Dozenal Money

a personal view by David James

		I was looking at the dozenal money by Shaun Ferguson when I came across his suggestion that the 1d, 3d and 6d coins be resurrected. These are not in fact the best denominations to use in terms of minimising the number of coins needed to make change. In a decimal currency, or at least one that is set up as well as such a currency can be, the ideal combination is 1, 2 and 5 (in North America we use 1 and 5, then 10 and 25 and then after that do we get to $1, $2 (not in US) and $5 - which probably explains why everyone over here complains about how many pennies they have). In a dozenal currency there are more options. I have found that {1, 3 and 4}, {1, 4, 6}, and, somewhat surprisingly, {1, 3, 5}, and even {1, 3, 7} to be all equally efficient and all are better than {1, 3, 6}. My personal preference would be {1, 4, 6} and then (1, 3, 4}. I would tend to stay away from series like {1, 2, 3, 6}, {1, 2, 4, 6}, {1, 2, 3, 4} and {1, 2, 3, 4, 6} since these just add extra coins that really aren't needed.
Here are tables showing my calculations, starting with a familiar example from the decimal system. (Averages, where approximate, rounded to 2 decimal places)

Comments by Andrew Sieber

David James expresses a preference for (1,4,6) but doesn't give reasons. Here are some reasons in support of that preference.

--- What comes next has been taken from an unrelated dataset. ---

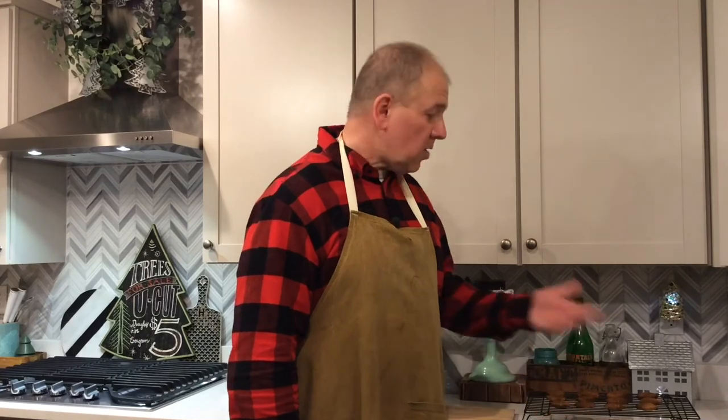The dog treats have been sitting on a cooling rack for a while and they're nice and cool. You can store them in a Tupperware container, a Ziploc baggie, or whatever you have handy.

1. Counting up by 1 from value 0 to eleven using the minimum coins for each value (1,4,6), (1,3,5) and (1,3,7) allow 7 transitions by just adding coins and only 4 require replacing coins. In contrast (1,3,4) allows 4 transitions by just adding coins and 7 require replacing coins. The same holds for removing versus replacing coins while counting down.
2. If the next higher order of magnitude has no dedicated unit coins or notes (or none happen to be at hand), then forming a unit of it requires just two coins (two 6s) with (1,4,6) but requires three coins (three 4s) with (1,3,4), four coins (four 3s, or a 5, two 3s and a 1) with (1,3,5) and four coins (four 3s, or a 7, a 3 and two 1s) with (1,3,7), and in general forming any round value in that magnitude requires more coins with (1,3,4) or (1,3,5) than with (1,4,6) and on average slightly more with (1,3,7) than with (1,4,6). (1,3,7) requires less coins than (1,3,4) or (1,3,5) for units greater than 1 in the higher magnitude.
3. If coin sizes are proportional to value then the middle and large coins for (1,4,6) are easier to distinguish than for (1,3,4), since the large coin is 3/2 the size of the middle coin instead of just 4/3. But (1,3,5) is even better, and (1,3,7) the best in this regard.
4. For (1,3,4) and (1,4,6) all coins are even divisions of the next higher order of magnitude. This isn't the case for (1,3,5) and (1,3,7).

So:

1. (1,4,6), (1,3,5) and (1,3,7) are better than (1,3,4)
2. (1,4,6) is better than (1,3,4), (1,3,5) and (1,3,7)
3. (1,3,7) is better than (1,3,5), which is better than (1,4,6), which is better than (1,3,4).
4. (1,3,4) and (1,4,6) are better than (1,3,5) and (1,3,7).

Scores (2 points for winning - or tying for a win - an item, 0 for losing, 1 for coming in the middle):

• (1,3,4) : 2
• (1,3,5) : 3
• (1,3,7) : 4
• (1,4,6) : 6

So overall (1,4,6) wins, Intuitively, winning D is required; in this case only (1,3,4) and (1,4,6) qualify, and since (1,4,6) beats (1,3,4) in all three of the other items, (1,4,6) is the definite overall winner.

Another difference between (1,3,4) and (1,4,6), which could be an advantage for either one:
1,4,6) has a unique combination of coins for every value, but (1,3,4) has two minimum combinations for 9 (two 4s and a 1, or three 3s). But even if this were an advantage for (1,3,4) it still wouldn't affect the overall winner.